Talking hurt. Everything hurt. “I… didn’t take any clothes in with me.”
His jaw twitched. Still no movement, no flicker in his eyes. He looked carved from stone, except for the steady rise and fall of his chest.
“You think I actually care?” His tone eventually snapped sharp, cutting through the silence like a blade. “Get back in there, I’m not ready to see you.”

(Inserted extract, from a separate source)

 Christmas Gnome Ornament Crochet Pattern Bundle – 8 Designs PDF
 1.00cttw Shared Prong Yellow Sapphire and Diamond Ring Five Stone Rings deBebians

Every instinct screamed at me to obey him. To rush back inside and slam the bathroom door shut, curl into the corner and stay hidden…
But I didn’t.
He was acting as though it had been me who had fucked up this time… and for once, I definitely knew that I hadn’t.
Did he feel so guilty that he couldn’t even be in my presence right now? Or perhaps in some twisted way of his own he was actually blaming me for what had just happened?
It was hard to tell…
My bare feet edged forward on the carpeted floor, my freshly painted toenails becoming a distant memory of my salon day with the girls only hours ago…
Step by trembling step, I proceeded towards the drawers to get my clothes.
“Bella…” He warned, as I avoided all eye contact and continued on…
He was being ridiculous this time.
This wasn’t on me. This was on him.
“Are you deaf?!” His tone came sharper, as I moved to rummage around in the dresser for fresh underwear and socks…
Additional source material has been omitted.